THE political cartoonist occupies a rather strange and anomalous position in the editorial newsroom. Surrounded almost entirely by writers who, for the most part, tend to think verbally rather than visually, he is often made to feel like the poor country cousin, never quite sure where he fits in or how seriously his work is taken.

A quick scan through history will show that cartoonists have, indeed, not always got the respect they deserve (even amongst fine artists there is a certain stigma attached to the job. It’s generally thought of as being a very minor art form).

Back in the 19th century at Punch, for example, the editorial cartoonists were, on the whole, not considered sufficiently intelligent to be able to determine either the subject matter of the main weekly cartoon or its treatment. Instead this was decided by all the members of the Punch editorial table — in what we would today call “a think-tank”.

Although an exceptionally gifted artist, John Leech is said to have suggested only 11 out of the 700 cartoons he contributed to the magazine while his successor, the equally talented Sir John Tenniel (who produced maybe the most famous cartoon of all time, Dropping the Pilot about Bismarck) had a very similar record.

The only real power the cartoonist possessed was that of veto; if his colleagues enthused over an idea he considered unworkable Tenniel (who is perhaps better remembered today for his Alice in Wonderland illustrations) would simply hold up his hand and say “Impossible!”

As such, the role of the cartoonist was often little more than that of an editorial illustrator who was not expected to think, just obey. The cartoons they were obliged to produce tended to reflect their collective origin

— not only were the captions often excessively wordy (what else would you expect when a writer has the final say?) but they generally lacked any real individuality or political bite.

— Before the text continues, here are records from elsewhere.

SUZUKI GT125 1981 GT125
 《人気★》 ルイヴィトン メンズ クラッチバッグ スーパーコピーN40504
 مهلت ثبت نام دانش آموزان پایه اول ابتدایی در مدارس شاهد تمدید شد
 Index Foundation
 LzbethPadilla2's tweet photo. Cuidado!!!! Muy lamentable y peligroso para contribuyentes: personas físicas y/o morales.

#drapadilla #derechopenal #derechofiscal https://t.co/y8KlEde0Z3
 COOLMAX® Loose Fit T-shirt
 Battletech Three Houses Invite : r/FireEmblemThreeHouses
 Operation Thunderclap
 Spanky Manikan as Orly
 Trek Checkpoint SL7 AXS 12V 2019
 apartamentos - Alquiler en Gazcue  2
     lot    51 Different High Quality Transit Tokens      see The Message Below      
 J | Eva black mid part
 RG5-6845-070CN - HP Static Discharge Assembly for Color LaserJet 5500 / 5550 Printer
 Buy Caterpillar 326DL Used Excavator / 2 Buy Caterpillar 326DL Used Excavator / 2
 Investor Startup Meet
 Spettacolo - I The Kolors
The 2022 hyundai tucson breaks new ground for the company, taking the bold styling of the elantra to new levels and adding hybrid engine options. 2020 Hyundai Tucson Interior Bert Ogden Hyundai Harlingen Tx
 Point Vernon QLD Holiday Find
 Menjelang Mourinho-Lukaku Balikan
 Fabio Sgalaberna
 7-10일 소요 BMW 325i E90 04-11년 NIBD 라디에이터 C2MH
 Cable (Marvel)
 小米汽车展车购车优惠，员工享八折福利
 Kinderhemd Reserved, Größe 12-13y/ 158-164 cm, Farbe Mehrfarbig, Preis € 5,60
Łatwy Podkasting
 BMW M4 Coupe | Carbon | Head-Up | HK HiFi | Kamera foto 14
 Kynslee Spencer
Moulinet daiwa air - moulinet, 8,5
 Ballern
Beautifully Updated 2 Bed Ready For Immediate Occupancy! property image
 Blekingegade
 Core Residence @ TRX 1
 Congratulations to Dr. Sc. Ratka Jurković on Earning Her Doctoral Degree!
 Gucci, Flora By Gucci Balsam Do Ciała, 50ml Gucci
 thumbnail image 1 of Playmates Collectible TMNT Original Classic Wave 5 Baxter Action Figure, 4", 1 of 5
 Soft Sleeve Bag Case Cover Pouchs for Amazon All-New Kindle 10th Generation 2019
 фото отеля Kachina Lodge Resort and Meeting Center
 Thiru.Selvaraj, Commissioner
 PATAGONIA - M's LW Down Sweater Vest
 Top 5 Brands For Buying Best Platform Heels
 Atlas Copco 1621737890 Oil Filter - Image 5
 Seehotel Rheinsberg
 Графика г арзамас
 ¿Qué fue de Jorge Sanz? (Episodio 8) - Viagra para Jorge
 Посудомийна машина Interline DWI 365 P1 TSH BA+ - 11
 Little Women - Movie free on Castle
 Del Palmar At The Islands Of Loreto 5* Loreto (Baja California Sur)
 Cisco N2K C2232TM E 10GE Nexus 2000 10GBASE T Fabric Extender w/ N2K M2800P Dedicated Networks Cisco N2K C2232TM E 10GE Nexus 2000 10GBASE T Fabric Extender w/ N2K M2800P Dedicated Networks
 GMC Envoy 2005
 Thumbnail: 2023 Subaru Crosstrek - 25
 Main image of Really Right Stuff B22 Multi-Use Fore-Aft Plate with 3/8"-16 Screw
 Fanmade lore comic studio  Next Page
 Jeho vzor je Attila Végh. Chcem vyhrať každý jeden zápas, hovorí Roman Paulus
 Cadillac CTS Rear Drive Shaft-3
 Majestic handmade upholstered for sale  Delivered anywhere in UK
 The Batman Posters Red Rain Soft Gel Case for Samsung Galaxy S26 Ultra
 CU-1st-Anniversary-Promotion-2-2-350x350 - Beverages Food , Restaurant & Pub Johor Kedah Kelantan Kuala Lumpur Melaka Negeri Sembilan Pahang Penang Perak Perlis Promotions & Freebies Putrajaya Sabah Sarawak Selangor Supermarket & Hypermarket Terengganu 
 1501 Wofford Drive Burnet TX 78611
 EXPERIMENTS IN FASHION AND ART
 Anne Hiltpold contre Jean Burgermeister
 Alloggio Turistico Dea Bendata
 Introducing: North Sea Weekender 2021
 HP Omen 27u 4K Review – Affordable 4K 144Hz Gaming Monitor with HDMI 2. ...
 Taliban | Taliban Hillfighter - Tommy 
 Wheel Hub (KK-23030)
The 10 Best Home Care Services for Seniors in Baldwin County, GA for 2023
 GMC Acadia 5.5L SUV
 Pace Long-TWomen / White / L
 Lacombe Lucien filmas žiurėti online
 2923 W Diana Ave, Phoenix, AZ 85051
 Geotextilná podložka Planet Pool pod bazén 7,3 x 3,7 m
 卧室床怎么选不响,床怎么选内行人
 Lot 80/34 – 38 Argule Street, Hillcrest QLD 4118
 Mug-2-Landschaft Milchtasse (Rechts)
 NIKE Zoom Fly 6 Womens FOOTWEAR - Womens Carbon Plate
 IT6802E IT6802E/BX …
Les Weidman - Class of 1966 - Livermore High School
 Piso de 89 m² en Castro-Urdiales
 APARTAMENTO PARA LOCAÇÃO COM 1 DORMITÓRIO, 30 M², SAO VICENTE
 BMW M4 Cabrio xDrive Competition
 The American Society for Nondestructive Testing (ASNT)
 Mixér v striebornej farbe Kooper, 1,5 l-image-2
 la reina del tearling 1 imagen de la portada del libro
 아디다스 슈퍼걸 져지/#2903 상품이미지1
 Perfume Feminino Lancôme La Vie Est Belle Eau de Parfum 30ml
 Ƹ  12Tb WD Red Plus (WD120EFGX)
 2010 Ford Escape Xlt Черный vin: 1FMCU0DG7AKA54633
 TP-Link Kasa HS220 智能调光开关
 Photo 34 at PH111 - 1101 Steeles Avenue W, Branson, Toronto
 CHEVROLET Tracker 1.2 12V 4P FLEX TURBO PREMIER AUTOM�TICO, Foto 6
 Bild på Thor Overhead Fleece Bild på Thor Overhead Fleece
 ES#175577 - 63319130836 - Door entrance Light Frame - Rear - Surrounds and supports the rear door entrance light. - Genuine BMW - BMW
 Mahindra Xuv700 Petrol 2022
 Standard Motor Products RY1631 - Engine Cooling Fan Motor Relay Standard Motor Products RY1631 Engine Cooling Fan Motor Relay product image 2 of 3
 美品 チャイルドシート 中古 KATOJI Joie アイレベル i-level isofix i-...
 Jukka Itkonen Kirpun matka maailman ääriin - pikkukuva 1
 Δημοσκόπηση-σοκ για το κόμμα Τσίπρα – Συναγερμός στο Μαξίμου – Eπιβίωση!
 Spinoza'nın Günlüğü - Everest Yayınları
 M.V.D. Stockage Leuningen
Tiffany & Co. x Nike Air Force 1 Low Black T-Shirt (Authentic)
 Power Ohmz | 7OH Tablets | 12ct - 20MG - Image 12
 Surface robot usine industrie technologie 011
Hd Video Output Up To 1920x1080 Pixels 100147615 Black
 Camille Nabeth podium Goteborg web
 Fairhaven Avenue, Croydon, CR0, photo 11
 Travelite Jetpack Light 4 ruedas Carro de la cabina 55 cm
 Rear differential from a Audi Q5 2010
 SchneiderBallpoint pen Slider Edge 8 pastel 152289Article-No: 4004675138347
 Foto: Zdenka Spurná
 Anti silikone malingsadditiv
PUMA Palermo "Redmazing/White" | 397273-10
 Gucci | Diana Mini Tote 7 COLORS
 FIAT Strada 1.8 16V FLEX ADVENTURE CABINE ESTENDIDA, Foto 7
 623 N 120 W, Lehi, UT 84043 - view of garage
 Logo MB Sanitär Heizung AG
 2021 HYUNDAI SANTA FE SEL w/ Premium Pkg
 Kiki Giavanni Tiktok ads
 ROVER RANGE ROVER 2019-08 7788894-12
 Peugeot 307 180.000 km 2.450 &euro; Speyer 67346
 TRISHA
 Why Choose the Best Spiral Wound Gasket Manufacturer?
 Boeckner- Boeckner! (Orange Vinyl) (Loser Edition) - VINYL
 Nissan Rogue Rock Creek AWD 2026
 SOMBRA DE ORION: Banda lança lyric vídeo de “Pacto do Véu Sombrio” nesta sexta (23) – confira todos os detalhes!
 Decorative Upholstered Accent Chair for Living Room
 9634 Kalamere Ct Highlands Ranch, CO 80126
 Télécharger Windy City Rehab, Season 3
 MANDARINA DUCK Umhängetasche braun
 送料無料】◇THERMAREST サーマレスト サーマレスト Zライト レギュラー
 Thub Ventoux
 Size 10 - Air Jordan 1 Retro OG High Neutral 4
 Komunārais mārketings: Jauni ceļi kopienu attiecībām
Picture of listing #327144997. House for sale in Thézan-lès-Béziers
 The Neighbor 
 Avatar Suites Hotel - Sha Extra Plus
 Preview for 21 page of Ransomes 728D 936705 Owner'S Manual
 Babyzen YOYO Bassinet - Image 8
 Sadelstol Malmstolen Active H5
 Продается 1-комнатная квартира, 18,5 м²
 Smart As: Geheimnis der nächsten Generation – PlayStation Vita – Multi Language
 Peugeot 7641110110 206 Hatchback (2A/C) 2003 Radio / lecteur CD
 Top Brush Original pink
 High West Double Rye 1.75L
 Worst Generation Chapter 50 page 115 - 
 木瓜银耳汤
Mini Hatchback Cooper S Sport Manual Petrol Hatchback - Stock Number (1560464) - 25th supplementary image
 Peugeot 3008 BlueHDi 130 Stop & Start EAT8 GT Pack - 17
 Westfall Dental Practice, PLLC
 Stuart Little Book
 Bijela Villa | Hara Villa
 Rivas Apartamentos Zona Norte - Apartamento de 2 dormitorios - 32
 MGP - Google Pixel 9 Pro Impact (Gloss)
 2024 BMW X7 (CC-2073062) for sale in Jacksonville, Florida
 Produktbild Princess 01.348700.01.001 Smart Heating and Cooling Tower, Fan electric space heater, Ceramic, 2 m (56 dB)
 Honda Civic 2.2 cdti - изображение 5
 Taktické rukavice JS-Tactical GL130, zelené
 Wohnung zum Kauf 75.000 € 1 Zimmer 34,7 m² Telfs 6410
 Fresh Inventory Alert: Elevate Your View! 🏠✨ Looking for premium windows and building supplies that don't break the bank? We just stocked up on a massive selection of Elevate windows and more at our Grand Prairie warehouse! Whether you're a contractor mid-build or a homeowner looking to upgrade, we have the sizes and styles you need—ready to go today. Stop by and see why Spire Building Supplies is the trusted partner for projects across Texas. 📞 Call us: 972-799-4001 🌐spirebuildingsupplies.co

This slightly patronising attitude continued way into the next century. The world famous British cartoonist Gerald Scarfe — who along with Ronald Searle and Ralph Steadman was one of the progenitors of a ferocious new wave of British visual satire — has described how the arts editor at Punch used to send his drawings back to him with comments like “this nose is too big” and a line showing where he thought it should end.

Perhaps not too surprisingly, when the new satirical magazine Private Eye was launched, Scarfe jumped ship. Surrounded by mavericks like himself, he found the new editorial set-up much more to his liking. Recognising his exceptional talent, his bosses gave him complete carte blanche, leaving him free to draw from whatever perspective he felt most comfortable with.

Their faith in his abilities paid off; liberated from the petty conventions and restrictions which had so frustrated him, Scarfe’s artwork underwent a startling metamorphosis. Forms billowed, bulged and exploded, lines stabbed and splattered. Not only did his cartoons become a whole lot nastier but they also became much funnier too.

While, even today, some cartoonists will, simply as a survival mechanism, adopt the colours of their newspaper for better or worse, most are now — like their columnist counterparts — given a similar amount of leeway to pursue their own ideas and express their own opinions. I think this is probably as it should be.

For my part, I know my best cartoons are invariably the ones where I feel most passionately about the subject or have been genuinely angered by something I have witnessed. Conversely, there is nothing more difficult then being forced to produce a cartoon when your heart is not in it; the lack of conviction will almost always show through.

In the end, I think, all a cartoonist can do is be truthful to his own thoughts and feelings, draw what is inside him and hope the message he is trying to convey will spark a responsive chord in his audience.